Solved – RandomForests in Matlab and outliers detection

MATLABoutliersrandom forest

I am solving some regression problem with RandomForests in Matlab, using it's default TreeBagger class for this task. While I managed to get reasonable result already, there are few questions which I can't find answers by simple google search. All questions below are for regression task.

  1. predict method in TreeBagger class returns predicted value but also it returns standard deviations of separate trees values. It's obvious that the higher this deviation is, the less reliable is result. But I am not sure if it is correct to make any decisions based on these values. So the question is, how standard deviations over the ensemble of trees can be used in practice? Can we do something like prediction outlier detection based on them?

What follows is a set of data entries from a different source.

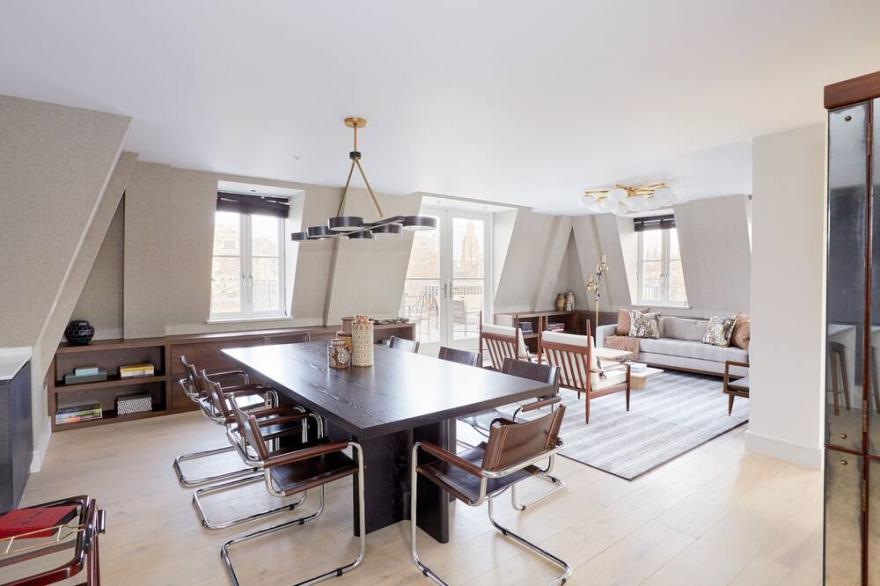 Sonder The Arts Council | Five-Bedroom Apartment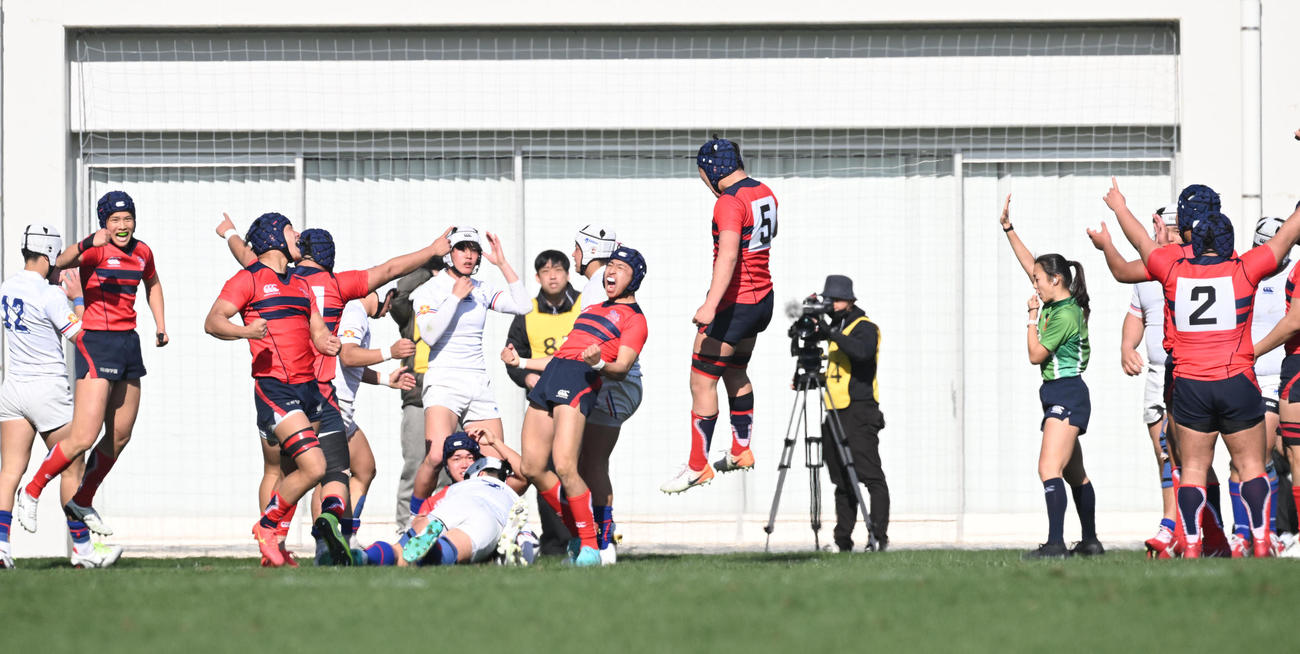 大分東明対常翔学園　後半、正脇が逆転トライを挙げ喜ぶ常翔学園の選手ら（撮影・和賀正仁）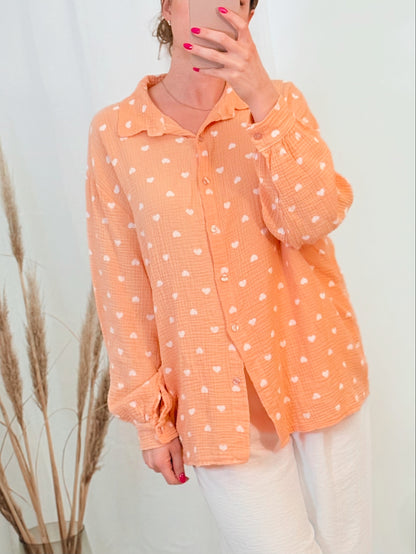 Lachsfarbene Musselinbluse mit Herzchenprint und lockerer Passform.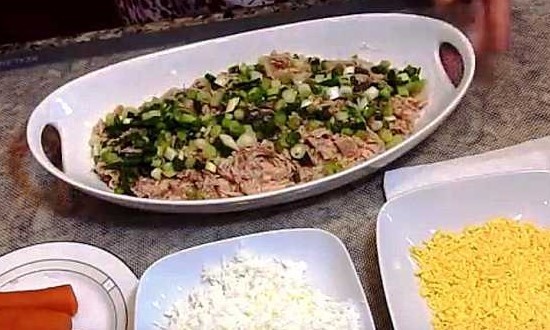 Классический салат «Мимоза» — рецепты с рисом, консервированной рыбой и яйцом Классический салат «Мимоза» — рецепты с рисом, консервированной рыбой и яйцом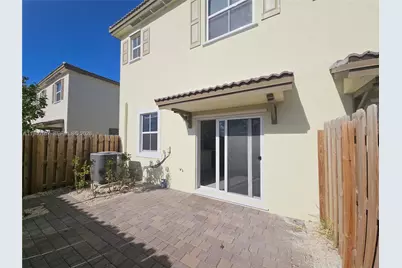 2530 SE 29th St #., Homestead, FL 33035 - Photo 4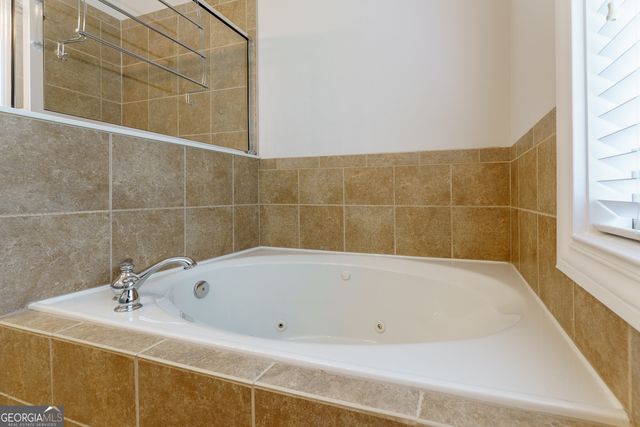 3777 Baverton Drive, Suwanee, GA 30024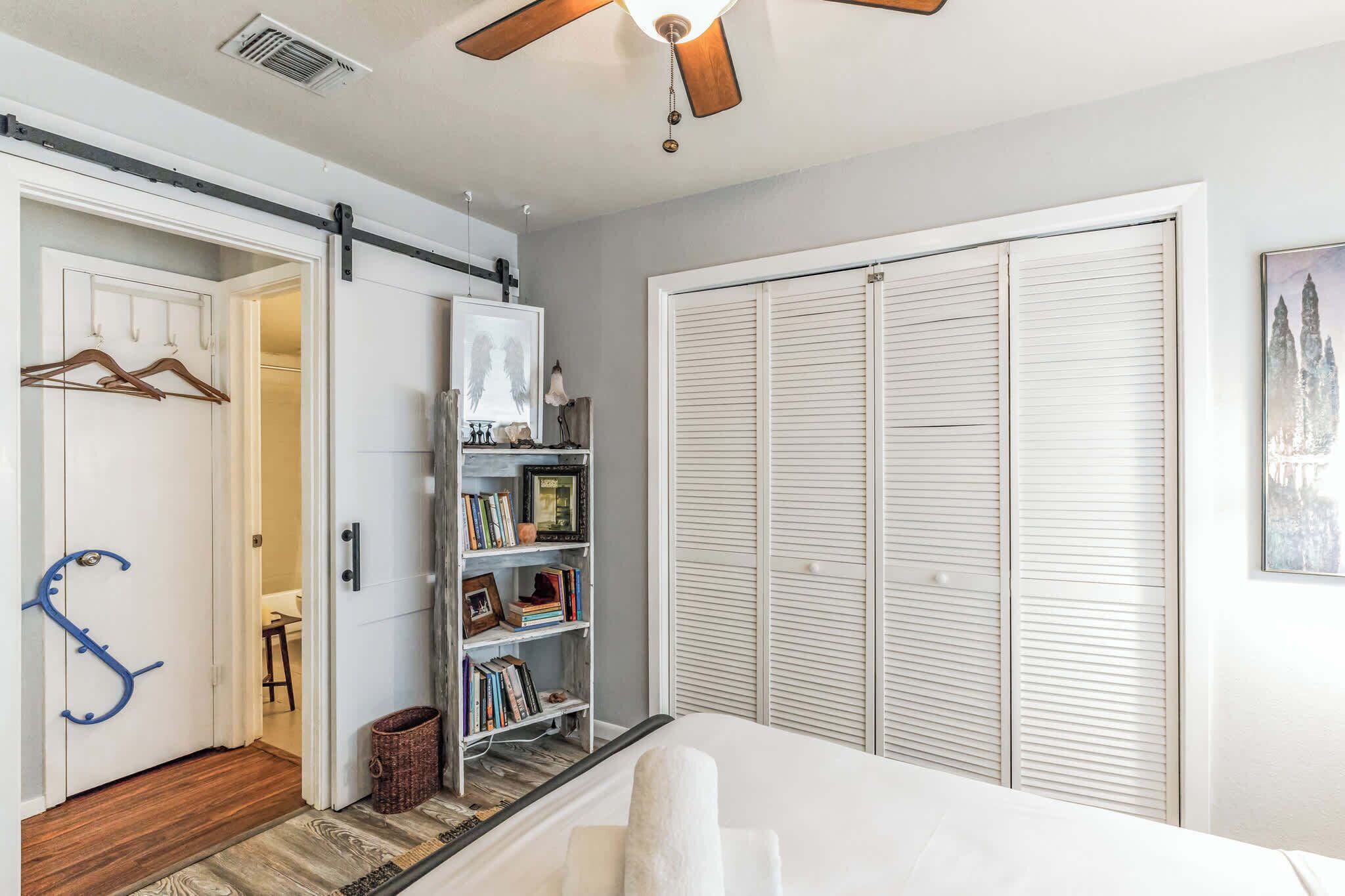 1 bedroom, desk, iron/ironing board, WiFi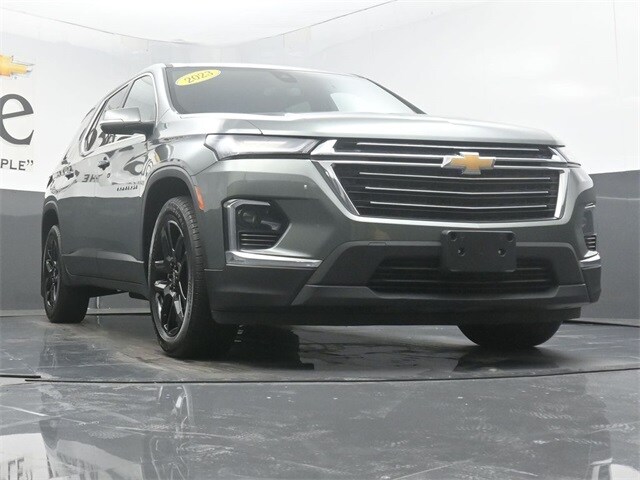 2023 Chevrolet Traverse Cloth 1LT photo 3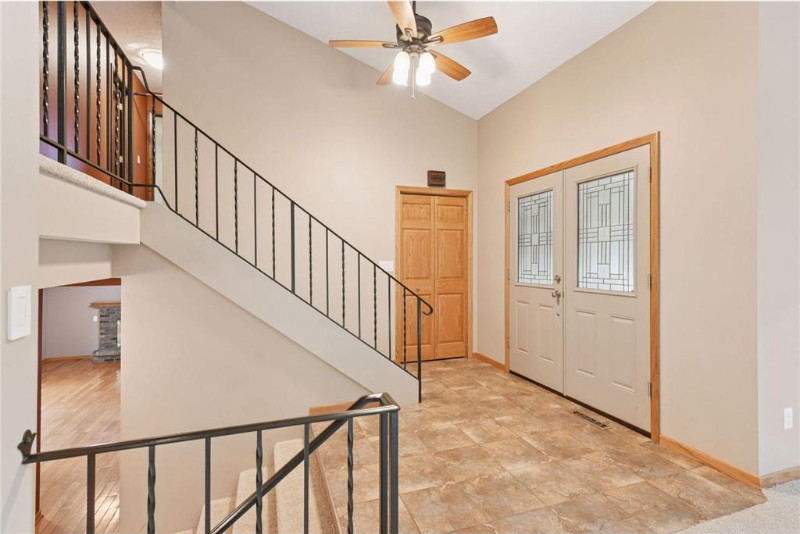 10829 Forestview Cir - Photo 3 of 20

  2. I've seen different papers which mention that RF can be used for outlier detection. Is it possible to do that with Matlab's TreeBagger and how? If I am solving regression problem using RF, can I add to this procedure additional step of outlier detection using RF?

  3. Let's asume that there are positive answers to my previous question, and I managed to build RF and set up an outlier detection procedure. Now, is it correct to do the outlier test for some new data before trying to predict it's value using built RF model?

  4. For my problem I get same result both for forests with 10 and 100 trees. Is there any good reason to choose model with higher number of trees? I always assumed that simpler model should always be chosen to avoid possible overfitting, but in light of my first question, the higher the number of trees the more precise and informative standard deviation of error over ensemble of trees from my first question is.

UPDATE:

Okay regarding my first question, I've tried and removed 25% cases from my validation set with highest stndard deviation of error over ensemble of trees. For remaining 75% of validation data MSE improved by 20%. This means that I am just skipping 25% percent of my data and don't make any prediction at all, but for other data this gives me 20% improvement in prediction quality, which is acceptable for my task. But I still belive that something more clever can be done with those standard deviations.

Best Answer

Regarding your 1st and 2nd questions TreeBagger has a Property called OutlierMeasure that can be the one you are looking for.

Edit: You may also benefit of reading this documentation that has working examples.